IPLD-NS | codec/data-uri | contenttype | data.length | raw data without data:uri prefix

So at total we’ve 3 options for this…
a) skip CIDv1 to use hex(data:uri…)
b) IPFS-NS with json/raw. we don’t get content/type info, clients/gateways can take a shot at that or use IPFS gatteways as it’s ll backwards compatible with IPFS.
c) IPLD-NS with 0xf3 multicodec for data:uri

We’ve to write encoder/decoder for this new multicodec/data-uri for IPFS/ENS gateways to resolve that content/type+raw data:uri properly. &? do we also need new ENSIP for this? or as fully multiformat/multicodec compatible ns+cidv1 format we get free pass under old ENSIP?

2 Likes

I’m concerned about overloading the top-level IPFS codec with other subtypes that aren’t related to IPFS. This is related to my question from earlier:

For example, why wasn’t IPNS just IPFS w/ libp2p-key?

Conceptually, I think of <protoCode><bytes[]> as protocol://human-readable

1 Like

CIDs are self-describing content-addressed identifier, it’s NOT IPFS only multiformats so we’re not overloading multiformats.csv, it’s supposed to have all types of multiformats, addrs and codecs used by other crypto projects ** (there’s long list of dag-git, btc, eth or any alt chain/tx formats in multiformats, && we’re nowhere near to building our own dag/ipld schemas for ENS to store verifiable offchain records & metadata)…

namespace | version | codec | multihash | hash.length | hash

  • if hashing algo is none/id=0, hash.length = raw data length & hash = raw data

It is… That’s how it’s represented in CIDv1 hash (base16/32/36…) without namespace, ENS/contenthash is using extra namespace/prefix so we don’t have to add full multiformat/codecs.csv support in contenthash resolver codes to parse whole CID to find if it’s IPFS/IPNS or Arweave or Swarm…

__
IPFS is a “type of” IPLD with immutable FS

IPNS is mutable DHT KV mapping (pubkey => record),record data includes version n, validity, ttl & IPFS hash… & technically ENS is IPNS too > ipns://vitalik.eth but we don’t have that _dnslink record support. :sweat_smile:

IPLD is core CID space open for developers, we can pack our data in D/App specific schema/codecs…

3 Likes

Can we fork Ethscriptions protocol and call upon Input Call data # ?

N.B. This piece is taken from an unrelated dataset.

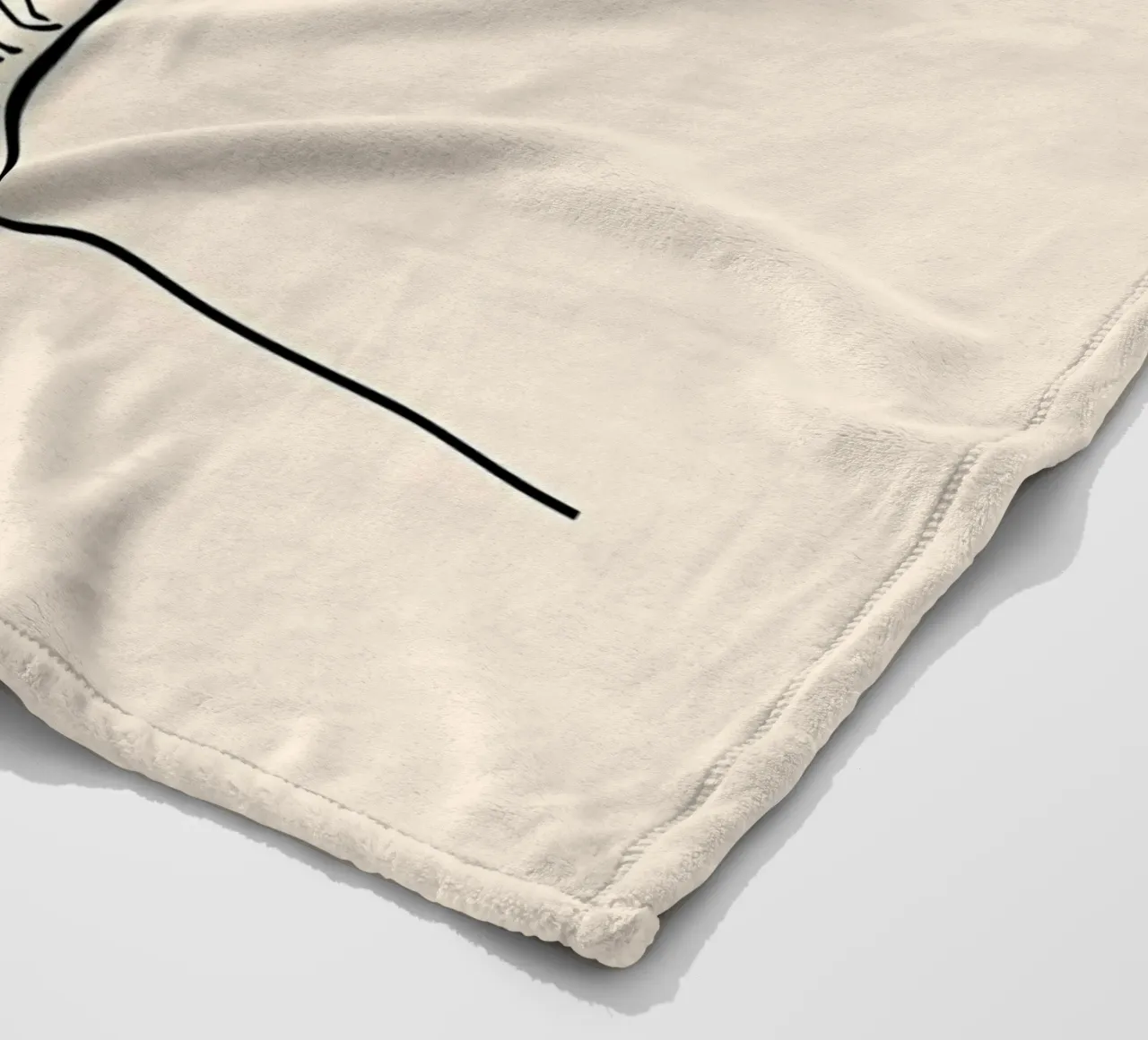 Minimalist Line Drawing of a Walking Elephant | Modern fleece blanket by Viv Line Art
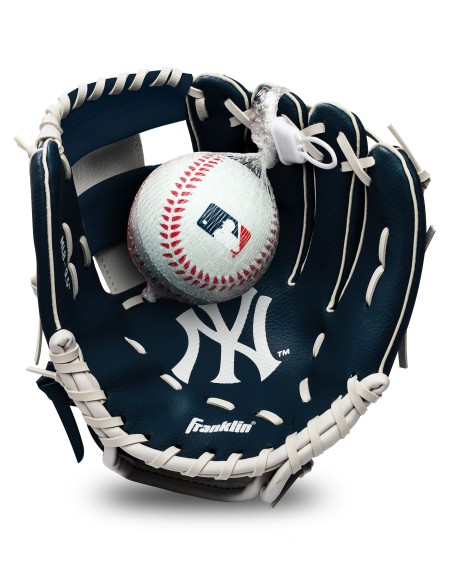 Sada baseballové rukavice a míčku MLB® TEAM New York Yankees (9,5")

ie for avatars, html, text records which are pre inscribed and then the ens records knows the tx # to pull in the relevant data to the ens front end.

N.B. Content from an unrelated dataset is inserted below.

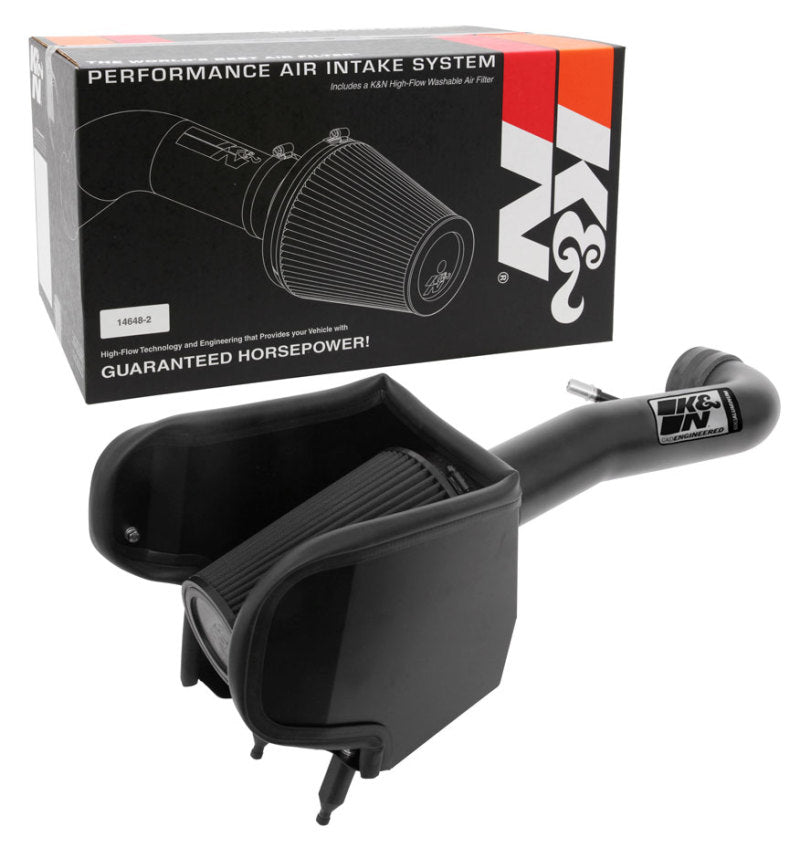 K&N 2018 Jeep Wrangler JL V6-3.6L F/I Blackhawk Performance Intake Kit (No Jeep Grand Cherokee) K&N Engineering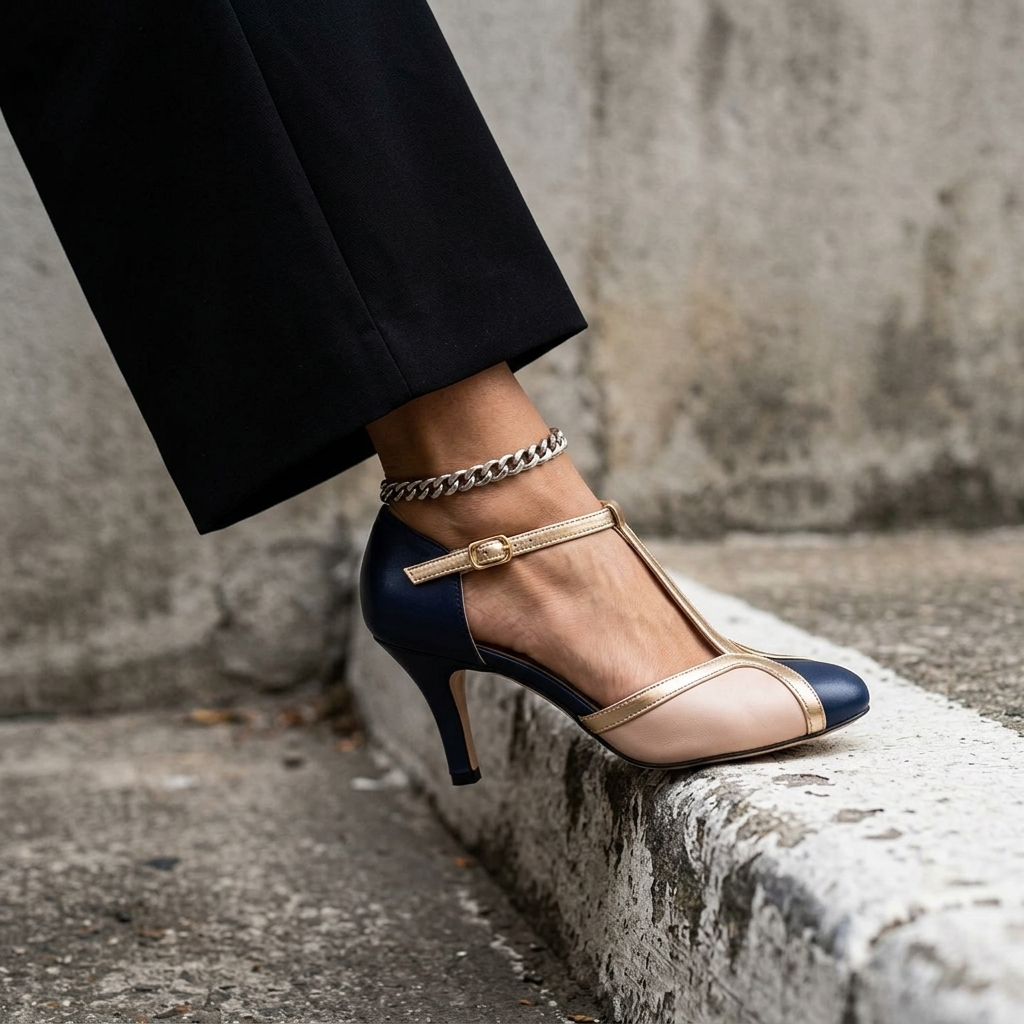 Violet | All-Day Comfort T-Strap Heels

I am more than certain this is possible and would no doubt incur less gas costs as there is no smart contract needed in order to first create the ethscription data uri.

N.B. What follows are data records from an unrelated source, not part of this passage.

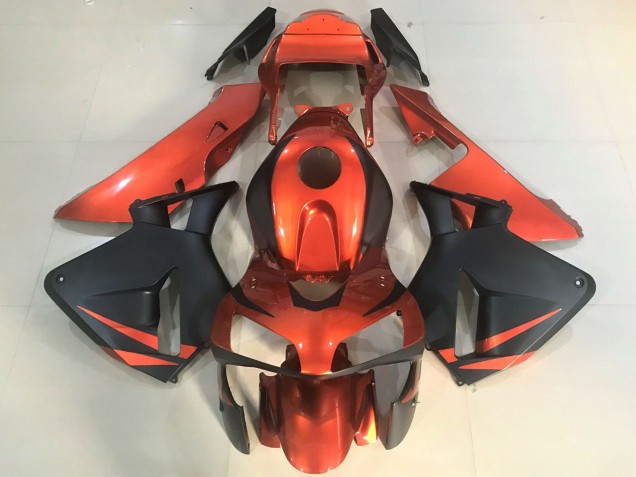 Descuento Carenados Moto Honda CBR600RR 2003-2004 - Naranja Negro Mate
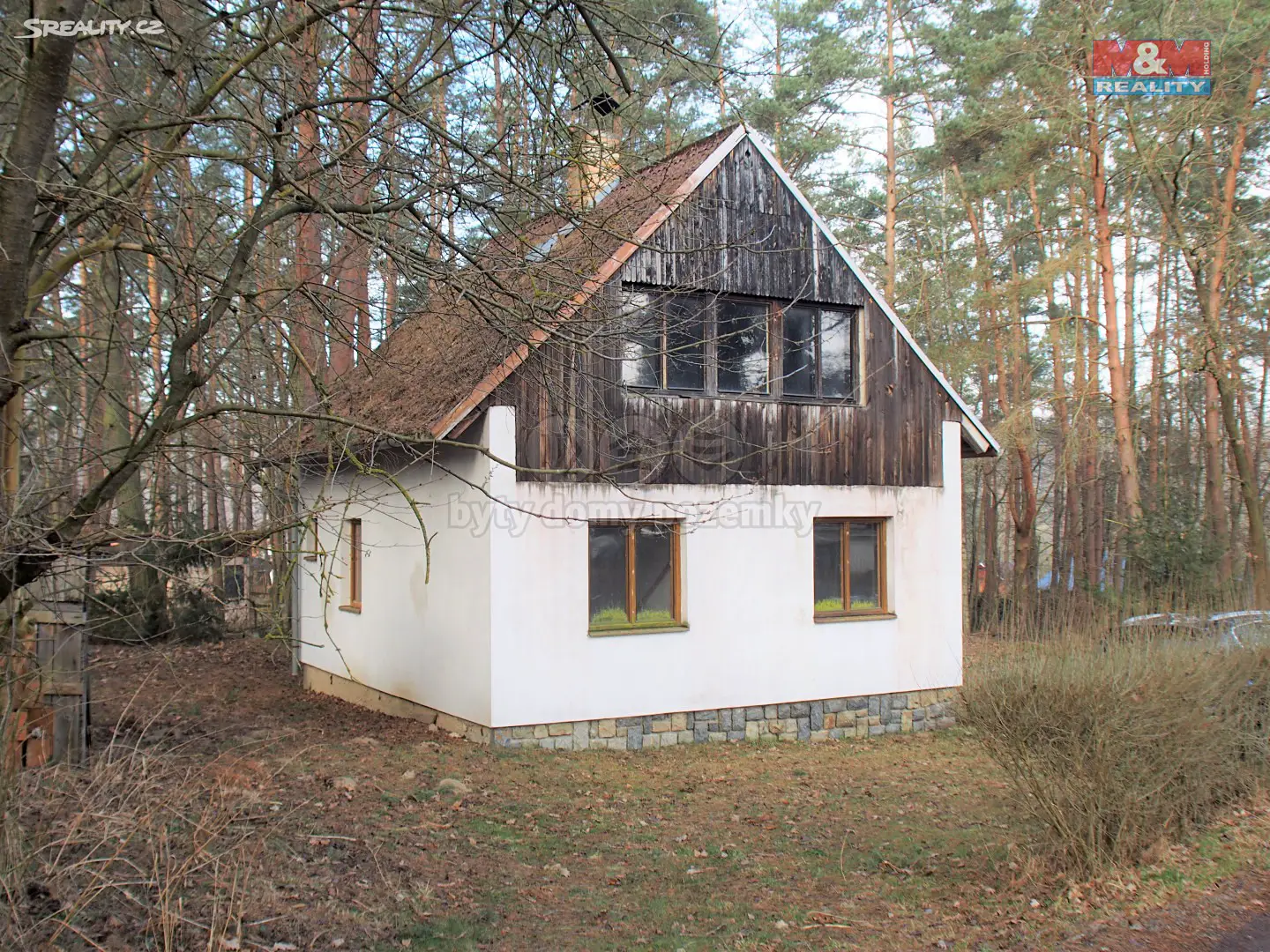 Prodej  chaty 95 m², pozemek 100 m², Týn nad Vltavou - Nuzice, okres České Budějovice
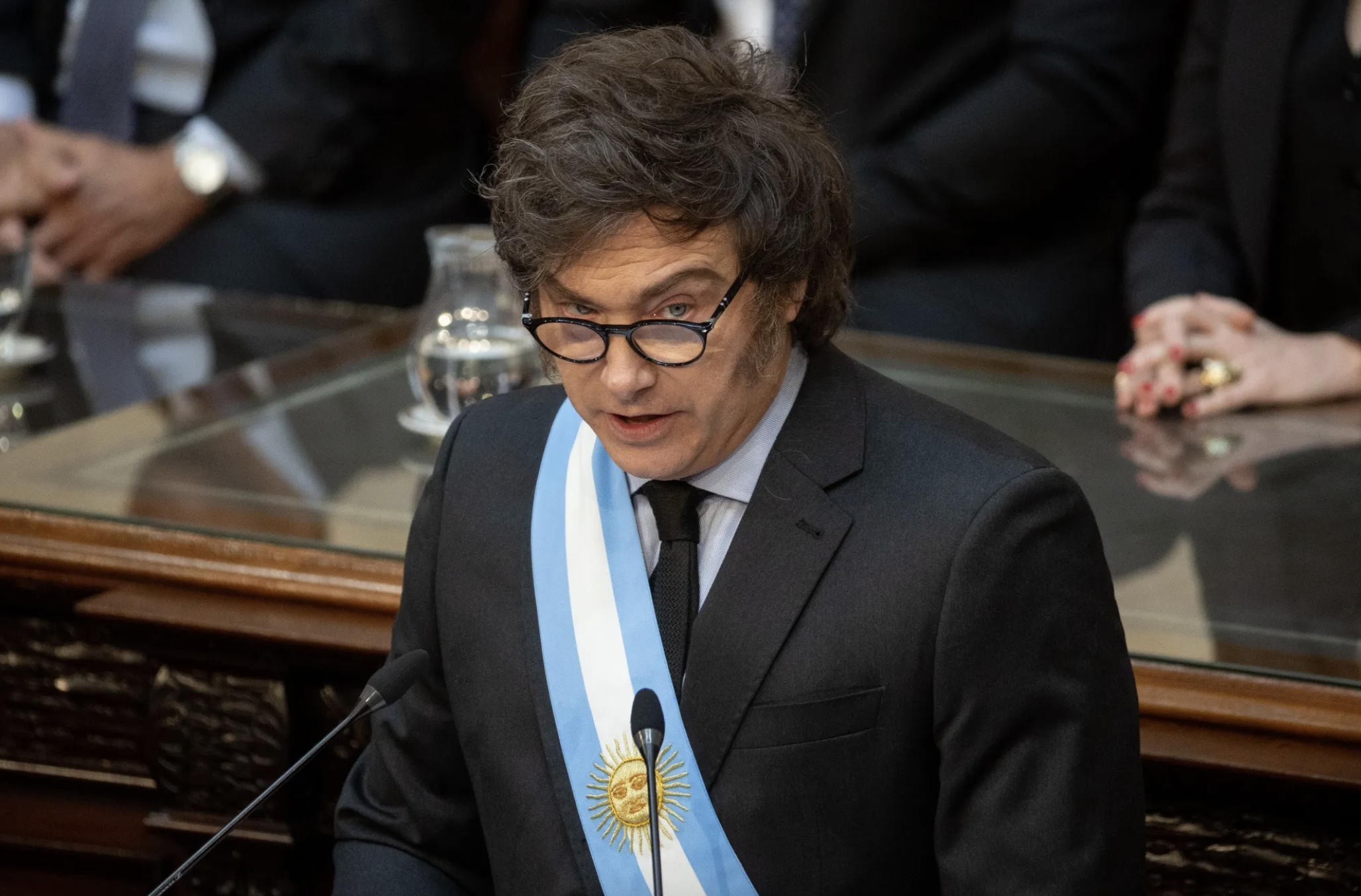 Tổng thống Argentina Javier Milei - ẢNh: Bloomberg.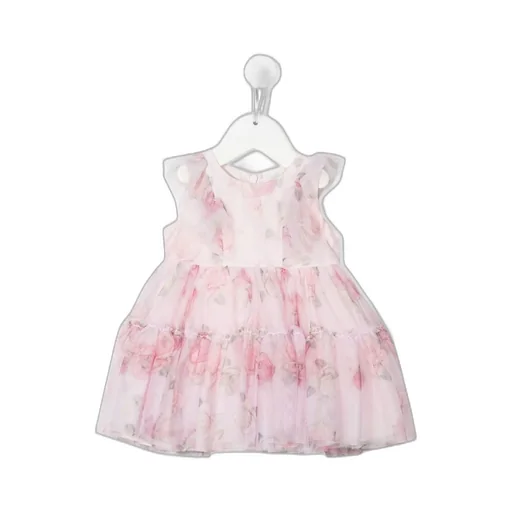 Floral-Print Tulle Dress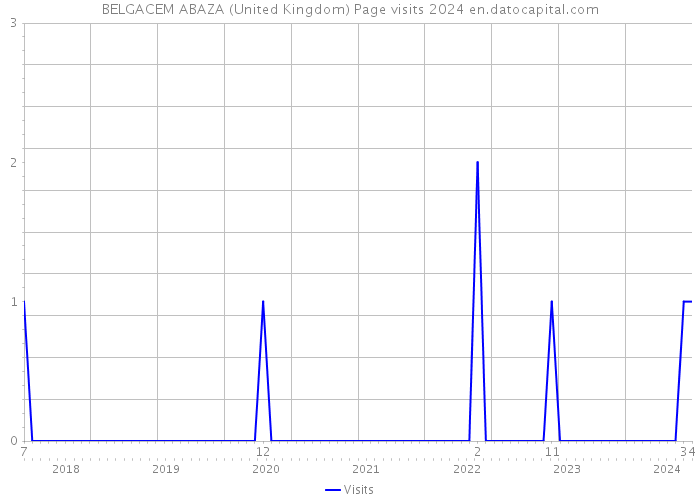 BELGACEM ABAZA (United Kingdom) Page visits 2024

I apologise if my terminology isn’t 100%. Would be happy to showcase this in more detail with some mock up ideas for working examples.

1 Like

0x2a568d9649899cf903ffad2d3e2dad98792ccfaffb18c744740eb56459adbd6e

Which when called up and decoded back into html, it runs this as an interactive 3D emoji universe…

1 Like

Ethscriptions definitely would work in contenthash, but I think it’s a separate protoCode. Unruggable has sketched some ideas for a contenthash format based on inscriptions, where you’d be able to describe a file or directory, link to existing inscriptions, and make partial edits (instead of re-inscribing the entire directory.) There also needs to be a way to chunk a blob across multiple inscriptions. There’s been some discussion whether this format should be able to pull data from multiple chains.

IMO, although Data URL could just contain a pointer to another resource (eg. a Data URL of JSON file that contains an HTTP URL), the typical use-case of a Data URL is to fully-encapsulate the data. The main focus of Data URL in contenthash would be to store the data entirely on-chain–and then put that data on L2 and fetch it through EVMGateway.